Emeli Sande w imieniu kobiet - posłuchajcie przebojowego singla "There Isn't Much"!
"There Isn't Much" ukazuje się dzień po występie Emeli w ramach koncertu ITV "Concert for Ukraine", podczas którego zbierane były fundusze na pomoc humanitarną DEC Ukraine w czasie trwającej wojny. Wcześniej Emeli wzięła też udział w dorocznym nabożeństwie z okazji Dnia Wspólnoty Narodów, gdzie zaśpiewała piękny utwór ‘Brighter Days’ wraz z London African Gospel Choir.
Zobacz teledysk:
Emeli mówi o utworze:
'There Isn't Much' to jedna z moich ulubionych piosenek na płycie. Współtworzyli go razem ze mną Naughty Boy i Shaq i jestem bardzo szczęśliwa, że udało nam się zrealizować perkusję i miks, ale też wspólnie wyprodukować całość. Uwielbiam klimat lat 80-tych; przypomina mi to, czego mogli słuchać moi rodzice, kiedy się poznali".

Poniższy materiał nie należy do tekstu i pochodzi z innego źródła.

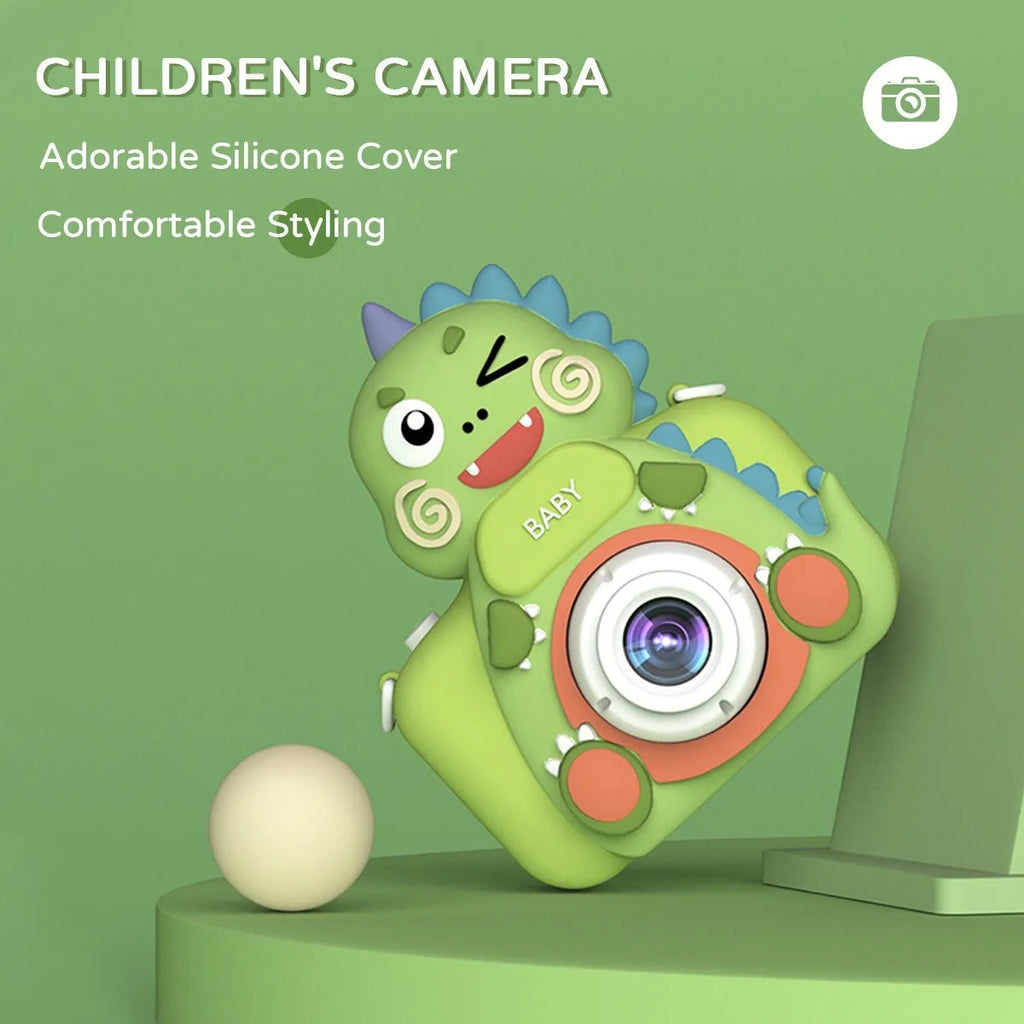 Children's mini cartoon camera with silicone body, Big Head Dinosaur colour, with lanyard and charging cable on white background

Cały tekst jest o tym, że wszystko, czego chciałem, jest niczym bez odpowiedniej osoby, z którą mógłbym to dzielić. Po osiągnięciu wyżyn w branży, zdobyciu nagród, zamieszkaniu w Londynie, wszystkie marzenia, które miałem jako dzieciak ze Szkocji, spełniały się, ale ja po prostu nie byłam w miejscu, w którym mogłabym się tym naprawdę cieszyć, czuć się szczęśliwa i zadomowiona w sobie. Tak więc ta piosenka jest tak naprawdę o tym, że wszystko jest iluzją, oprócz miłości. Teraz kiedy znalazłam prawdziwą miłość i wreszcie odpowiedniego partnera życiowego, mogłam naprawdę włożyć szczere emocje zarówno podczas realizacji teledysku, jak i za każdym razem, kiedy wykonuję tę piosenkę.

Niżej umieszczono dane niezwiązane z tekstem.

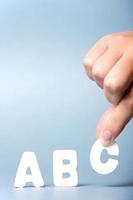Hand with ABC letter block photo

Reżyserka Mareike Macklon opowiedziała o teledysku:
Praca z Emeli przebiegła naturalnie i pięknie. Obie jesteśmy wielkimi zwolenniczkami zachęcania i angażowania większej ilości kobiet i społeczności queer do pracy w przemyśle muzycznym i wizualnym oraz do budowania solidnych i pozytywnych podstaw, gdzie wszyscy pracują z szacunkiem, życzliwością i zrozumieniem. Mam nadzieję, że zainspiruje to każdego, kto obejrzy teledysk, do zajęcia się muzyką w tej zdominowanej przez mężczyzn branży, do wprowadzenia zmian i uświadomienia sobie, że nie jest to takie straszne, jak się wydaje.

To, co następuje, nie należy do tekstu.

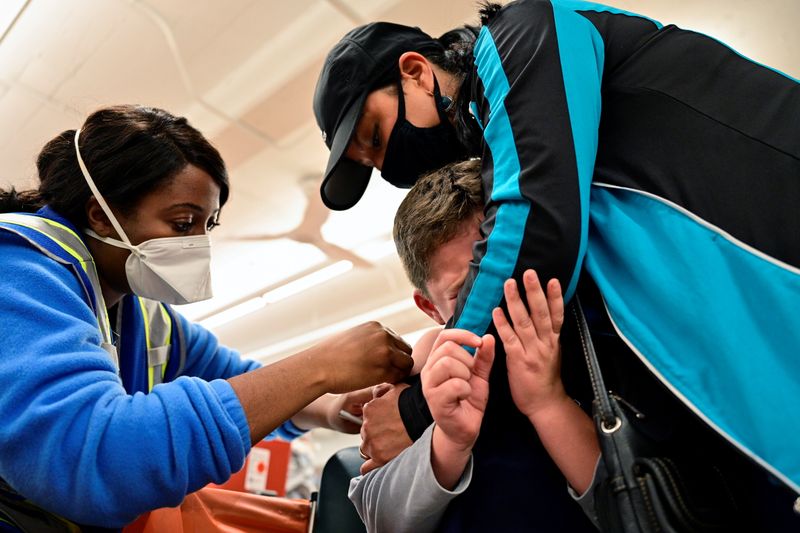 Over 900,000 kids expected to receive first Covid shot by day end - White House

Jej pierwsze wydawnictwo w barwach niezależnej wytwórni, "Let's Say For Instance", wyznacza nową erę artystycznej drogi Emeli po dekadzie spędzonej na wielkich scenach i w radiach. Eksplorując nowe dźwiękowe obszary poprzez odcienie klasyki, disco, nostalgicznego R&B i nie tylko, Emeli uwalnia się od oczekiwań innych, wykorzystując swoje wszechstronne umiejętności jako autorka tekstów, producentka i wokalistka w nowy, zróżnicowany sposób. Jak sama mówi, jej nowa muzyka to "oda do odporności, odrodzenia i odnowy".